Durante varios días volví a ver a la niña en el parque. Pensé que, tal vez había ido siempre a jugar allí pero que, hasta ese momento, nunca me había percatado de ella. Sin embargo, me convencí de que debía ser nueva en el barrio. Un cabello como el suyo me habría llamado la atención a pesar de que mis ojos estuviesen atrapados en el pasado la mayor parte del tiempo.
Cuando su mirada se cruzaba con la mía, sus ojos sonreían. Bajaba del columpio hasta donde yo estaba y compartía su bocadillo conmigo. Yo procuraba no acercarme mucho a la zona de juegos, para evitar que los padres y madres sintiesen mi presencia como una sombra oscura en el brillo de la tarde. Sin embargo, la niña pelirroja siempre lograba encontrarme.
Un día deposité sobre la fuente un anillo que había encontrado en mis andanzas por las transitadas calles de la ciudad. Ella se acercó, como era habitual, con la mitad de su merienda. Enseguida supo que era para ella. Lo cogió y me miró con sus enormes luceros. La sonreí y ella me dio las gracias con una dulce voz que me penetró hasta el alma. Mis ojos se humedecieron.
En ese momento, la madre llegó a donde nos encontrábamos. Cogió a la niña de la mano y tiró de ella mientras clavaba en mí la ira de su mirada.
Las vi alejarse y sentí un vacío similar al que experimenté cuando María se marchó. El destino me había vuelto a derribar. Sabía que no debía acercarme más a la niña pelirroja. Era lo mejor. Mi condena era no tener ninguna relación con las personas que vivían en la realidad. Yo habitaba en el espectro del pasado. Era una sombra que debía permanecer oculta y pasar desapercibida.

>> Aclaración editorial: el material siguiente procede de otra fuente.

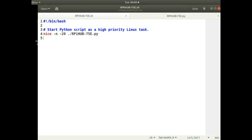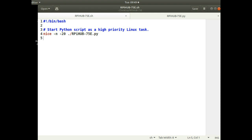There are two files of interest in the source code. One is a shell script that starts the Python code. The reason I have this shell script is to use the Linux command `nice`, which sets the priority of the Python task to the highest it can get. The 32x64 display runs fine without this, but for a 64x64 display it would help by making the process high priority in Linux.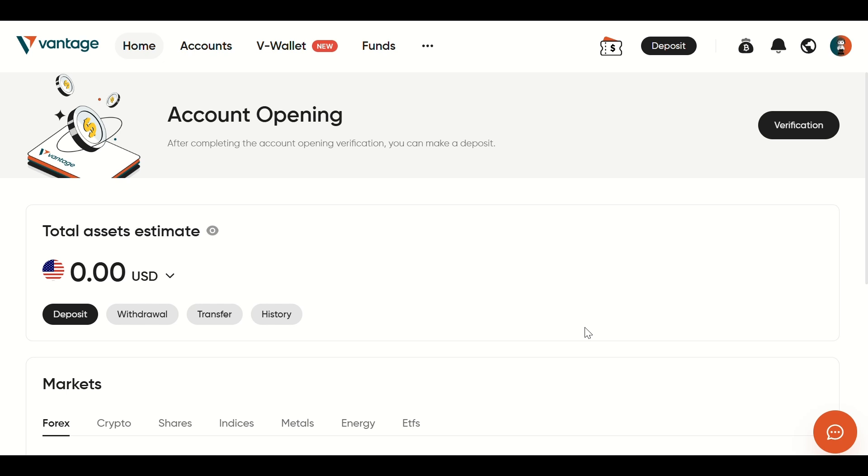Want to trade with MetaTrader 5 using your Vantage account? It's quick and beginner-friendly when you know where to go. In this guide, I'll show you exactly how to connect them step-by-step. Let's get started!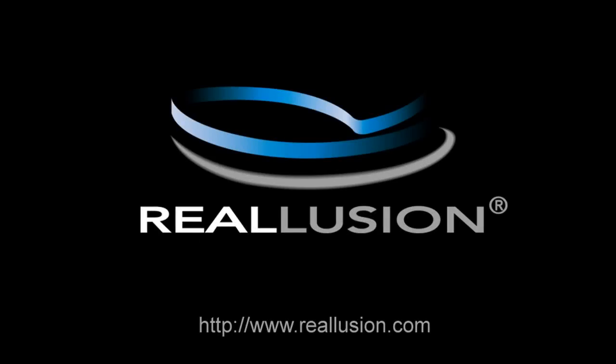That's about it for part one of constraints. Make sure you check out part two for point-to-point, rope, and cone twist constraints.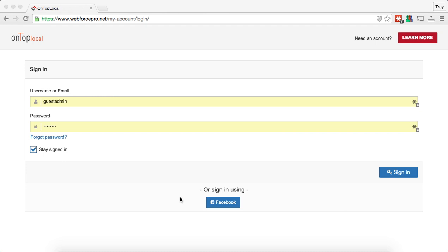One of the first things you're going to notice is that the login page has changed, and one of the biggest changes you'll see is now there is this button down here that says 'or sign in using Facebook.'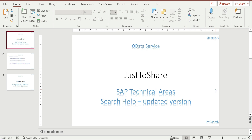Hello friends, this is Ganesh. Hope you are doing great. In this video I am going to explain the search help concept in OData service again, because I have already posted this video. Maybe this has little updated options or additional information added along with the search. The best part about OData search help is the code has been generated automatically from the backend system, so we don't want to write any code based on the filter options coming from the UI perspective.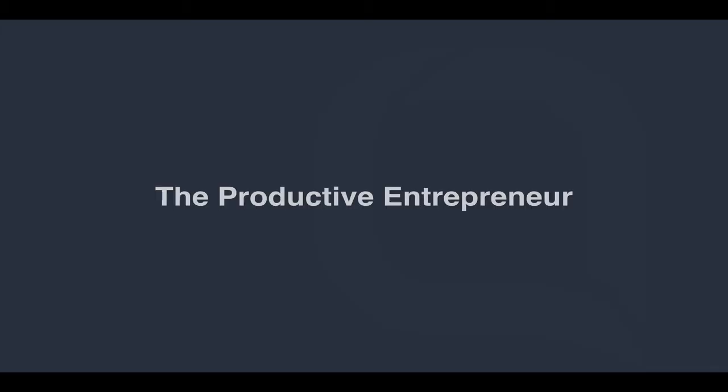Hi everybody, Tony Staunton here and welcome back to The Productive Entrepreneur, helping to get you organized, get productive and make more profit.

Seguiría mi camino, aunque, en los últimos tiempos, siempre era cuesta arriba. No volver a ver a la pequeña pelirroja era otra carga triste que añadir a mi mochila. Guardaría el recuerdo de sus ojos, de su cabello y de la bondad que habitaba su joven corazón. Sí. La echaría mucho de menos. Desde hacía muchos años, era la primera persona que me había tratado como a un ser humano.